I am sure in no time the real estate industry will be on the evening news again and not in a good way. Consumers will again have a legitimate gripe from getting bad advice from their real estate professional. Some real estate professionals were giving customers advice on the $8,000.00 first time home buyer tax credit. Some agents were advising their clients that as long as they had a short sale contract signed by both the buyer and seller that this binding contract would be suffice for meeting the eligibility of the tax credit. The last time I checked, I was not a Certified Public Accountant or worked for the Internal Revenue Service. I made the choice to advise my clients to get a CPA opinion or call the IRS to verify for themselves this issue.

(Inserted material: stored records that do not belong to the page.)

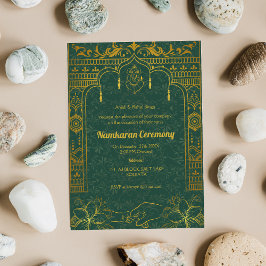 Invitation Namkaran Cérémonie de désignation Eléments d'or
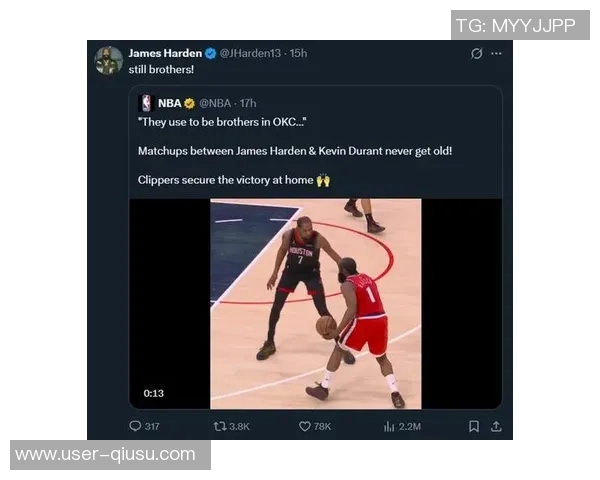 哈登转发NBA官推称与杜兰特曾是兄弟现在依然情谊深厚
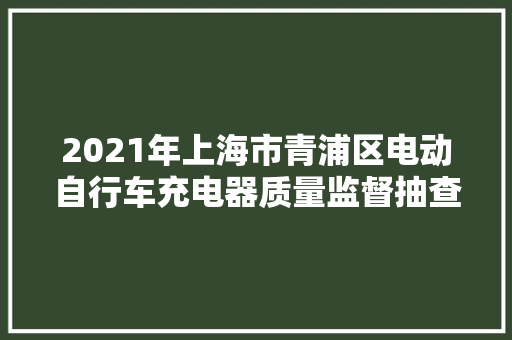 2021年上海市青浦区电动自行车充电器质量监督抽查结果公示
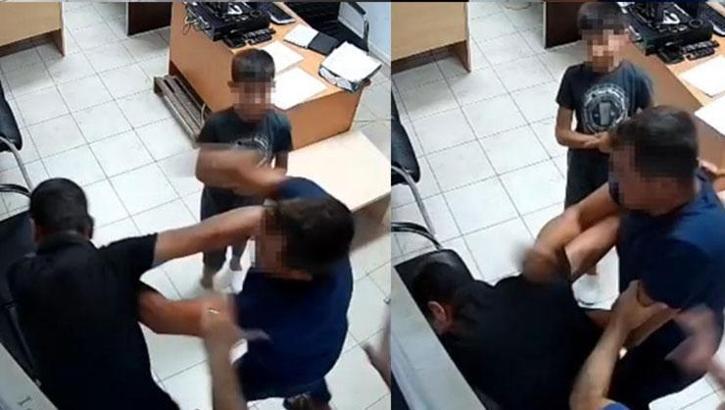 Polis merkezinde kayınço dayağı!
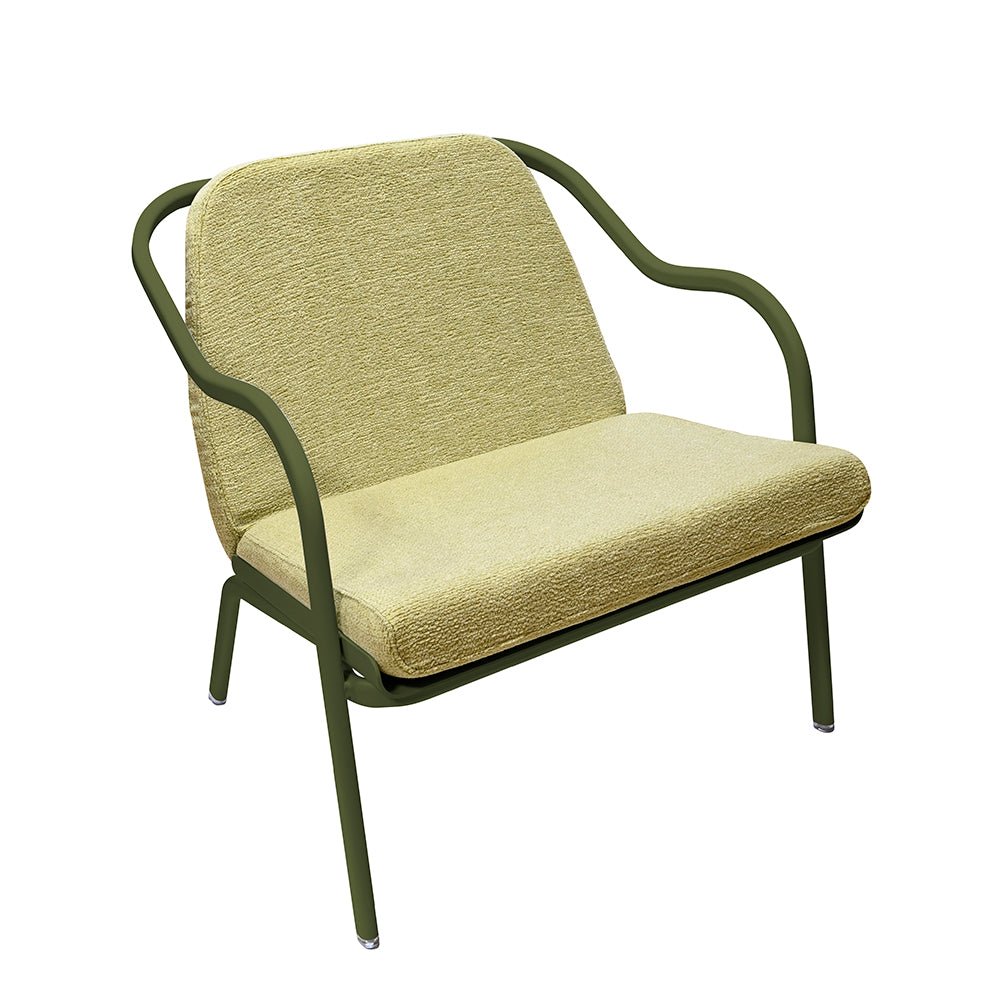 Fauteuil lounge design en aluminium et tissus vert - ALLURE D'AZUR - La Maison MilanaiseKakiTilleul Chenille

One of my clients actually took me up on my advise and called the IRS himself. My client was buying a home on a short sale. The listing agent told my buyer straight up that he would be 100% eligible for this $8,000.00 tax credit because the seller signed the contract. Now we did NOT have bank approval so I heard through very credible sources that the IRS was not considering this a binding contract since the banks who hold the notes for the seller have not agreed yet. Here is the answer my client got from the IRS.
Per IRS- “In the matter of Short Sales, pursuant to the short sale addendum, contracts are considered “not binding” unless
there is bank acceptance on or before April 30, 2010. We suggest that banks involved with short sales have the ability to
make the contract binding prior to acceptance. The bank would need to offer the client documentation in writing stating
the contract is a binding contract but that full acceptance is not yet available and the client would need to open escrow
on the contract”
Bottom-line, Some in our industry gave bad advice to get a short run closing to fatten their pockets. I am very curious to see how this fiasco will play out.


Gary, not that I’m one to argue with the IRS but they appear to be mis-interpreting the Short Sale Addendum…at least here in AZ. When the seller and buyer both sign the contract it becomes a ratified and binding document. By incorporating the short sale addendum it doesn’t make it “not binding” it just adds a contingency. It could be likened to a financing contingency that a buyer would have. There is indeed a contract but it has outside influences. Just my 2 cents…but I’m no tax advisor.
Shar,
Thanks for your insight. I always value your information since I know you are an agent who knows your way around a contract. I agree the IRS may be doing just that, but I think the point they are trying to make is that the seller’s lien holders are tied to the transaction in interpretation to the tax credit.